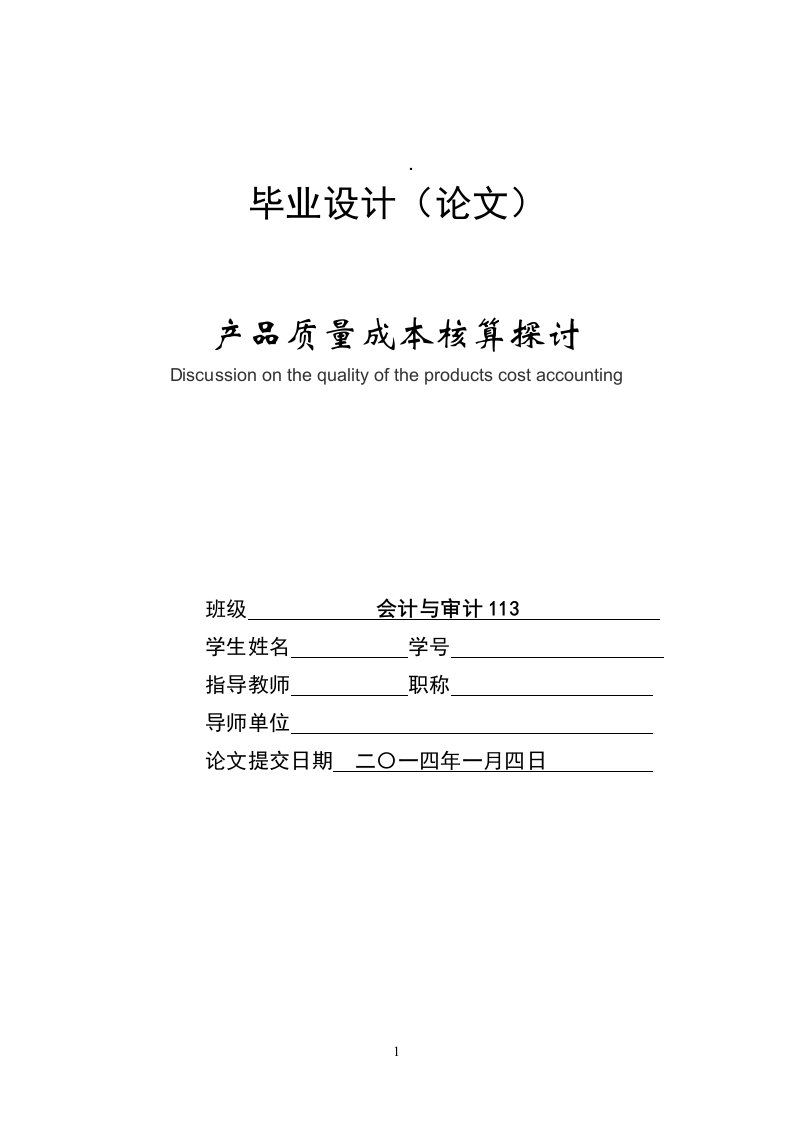 产品质量成本核算探讨毕业论文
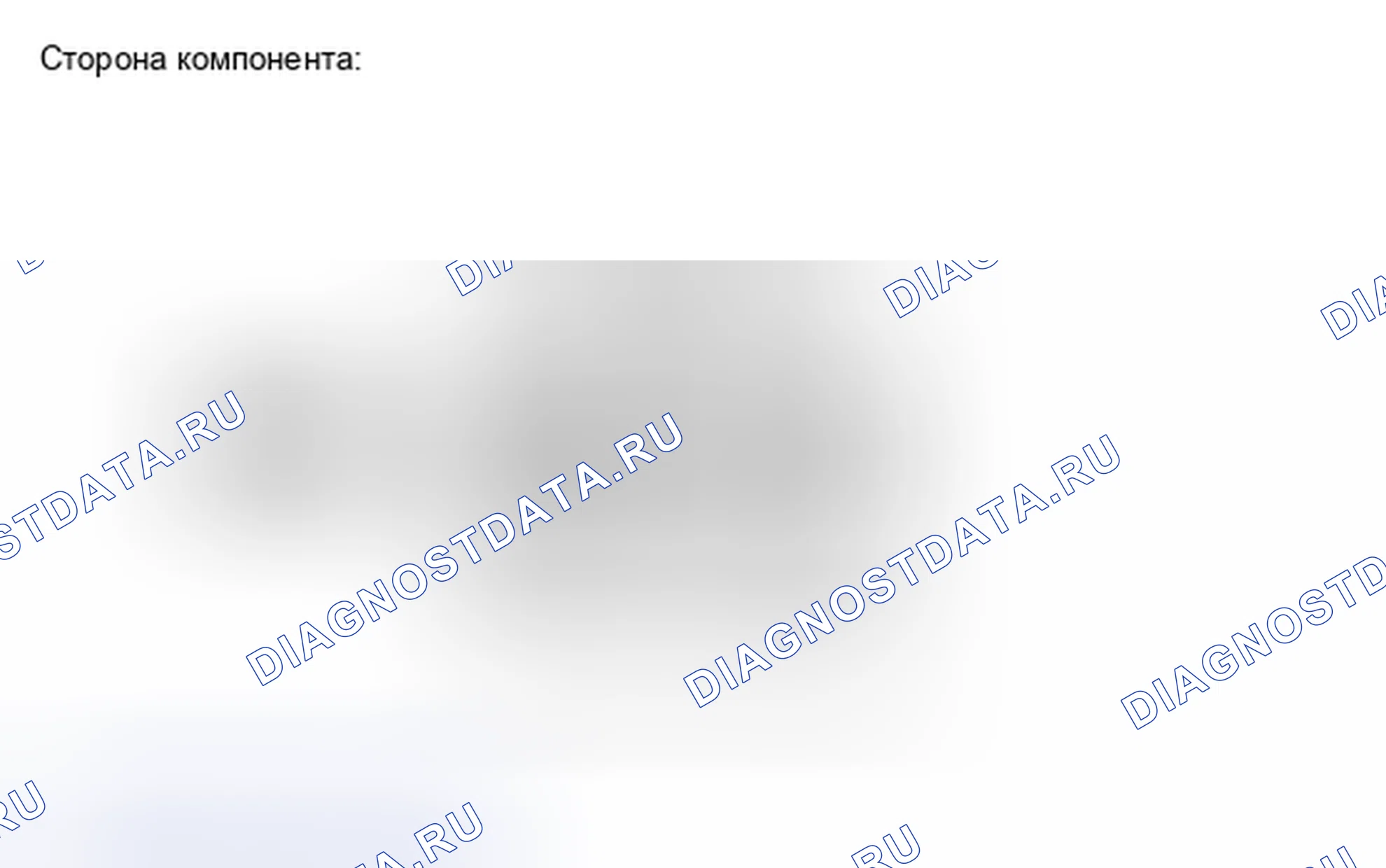 Рис. 637: ПОРЯДОК ВЫПОЛНЕНИЯ РАБОТ. Toyota Camry XV40 рестайлинг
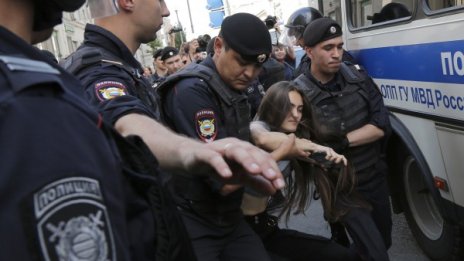 В Русия: Активисти на протест и след това - арест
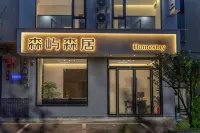 森嶼森居民宿（望仙谷店） - 新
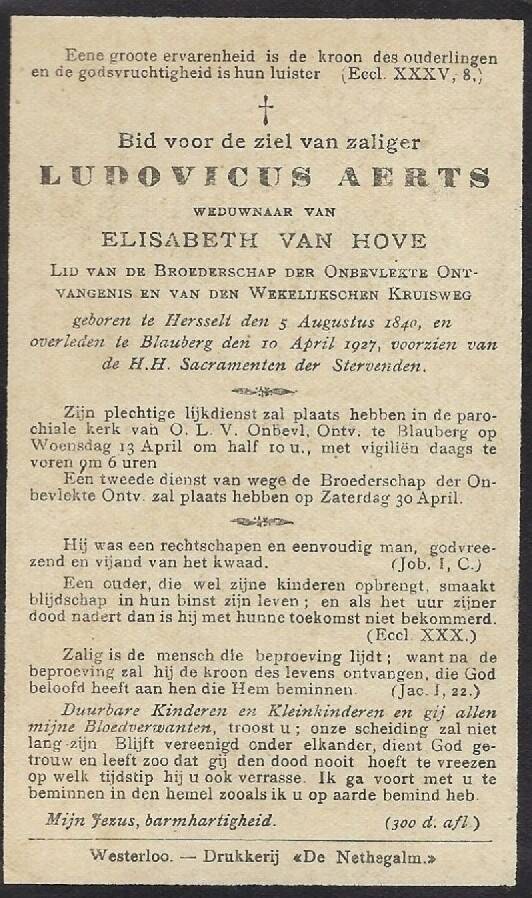 aerts-ludovicus-van-hove-standard.jpg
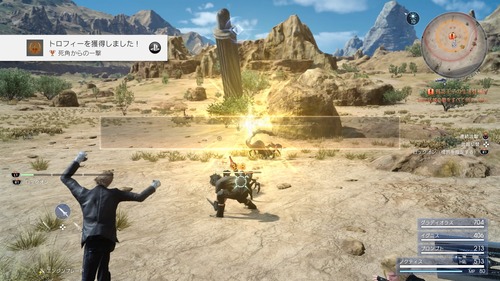 FINAL FANTASY XV_20161129170115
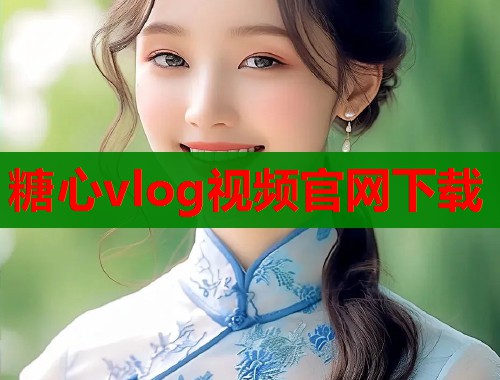 糖心vlog视频官网下载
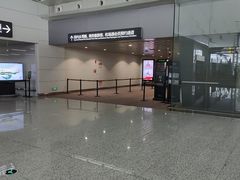 -广州白云国际机场-T2航站楼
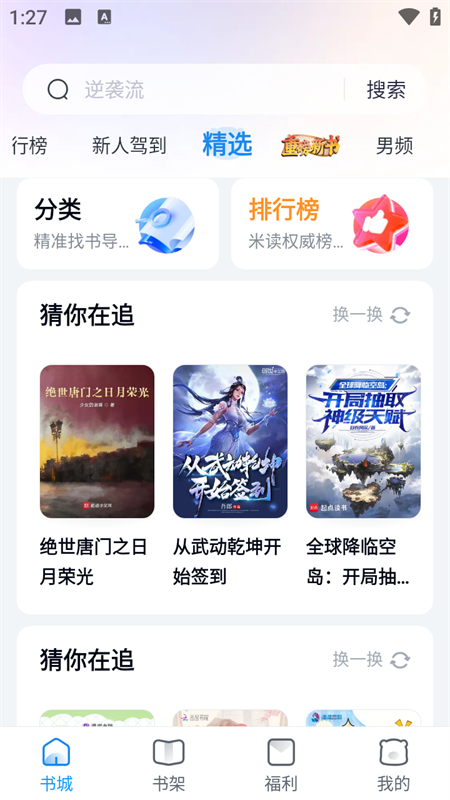 米读极速版小说
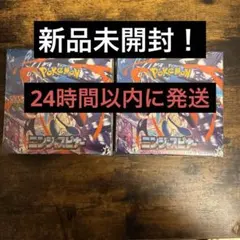 ポケモンカード　ニンジャスピナー　2box　シュリンク付き　新品未開封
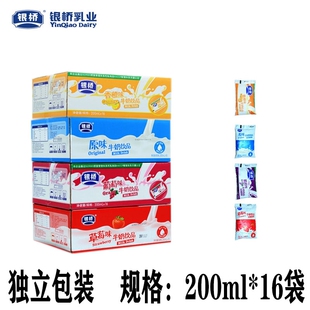 银桥酸奶整箱百利包草莓葡萄蓝莓香橙白桃200*17袋学生营养早餐奶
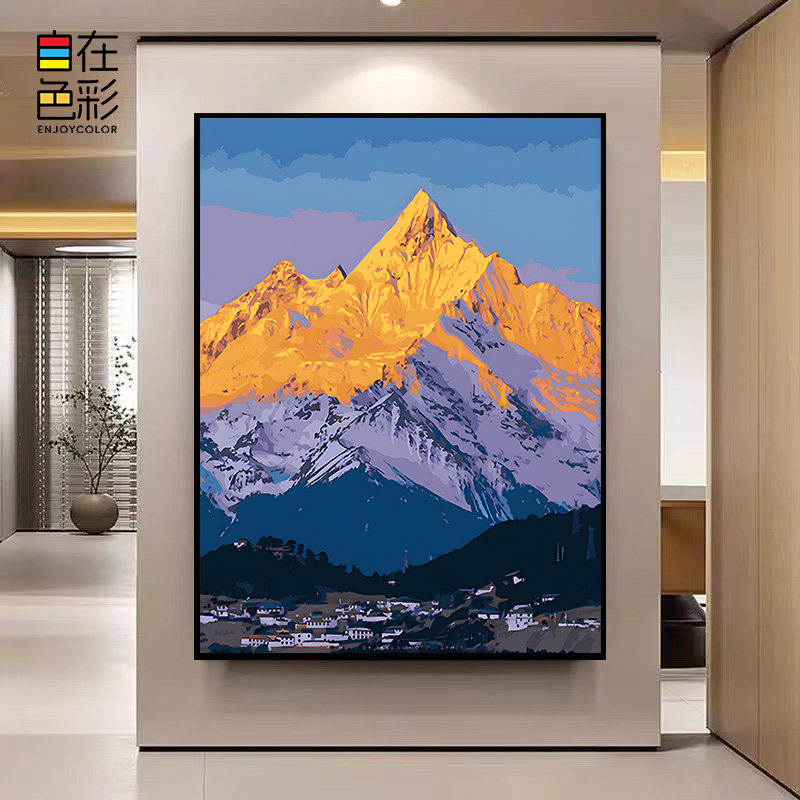 日照金山diy数字油画梅里雪山手工填充涂色玄关客厅装饰画高级感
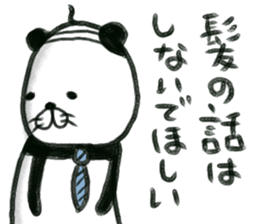 pandakacyou sticker #12249691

============

> AIM OF THE TASK: Please return all of the material above exactly, minus any pictures.

> SOLUTION TO THE PROBLEM:
 产品质量成本核算探讨毕业论文
 Рис. 637: ПОРЯДОК ВЫПОЛНЕНИЯ РАБОТ. Toyota Camry XV40 рестайлинг
 В Русия: Активисти на протест и след това - арест
 森嶼森居民宿（望仙谷店） - 新
 aerts-ludovicus-van-hove-standard.jpg
 FINAL FANTASY XV_20161129170115
 糖心vlog视频官网下载
 -广州白云国际机场-T2航站楼
 米读极速版小说
 ポケモンカード　ニンジャスピナー　2box　シュリンク付き　新品未開封
 银桥酸奶整箱百利包草莓葡萄蓝莓香橙白桃200*17袋学生营养早餐奶
 日照金山diy数字油画梅里雪山手工填充涂色玄关客厅装饰画高级感
 pandakacyou sticker #12249691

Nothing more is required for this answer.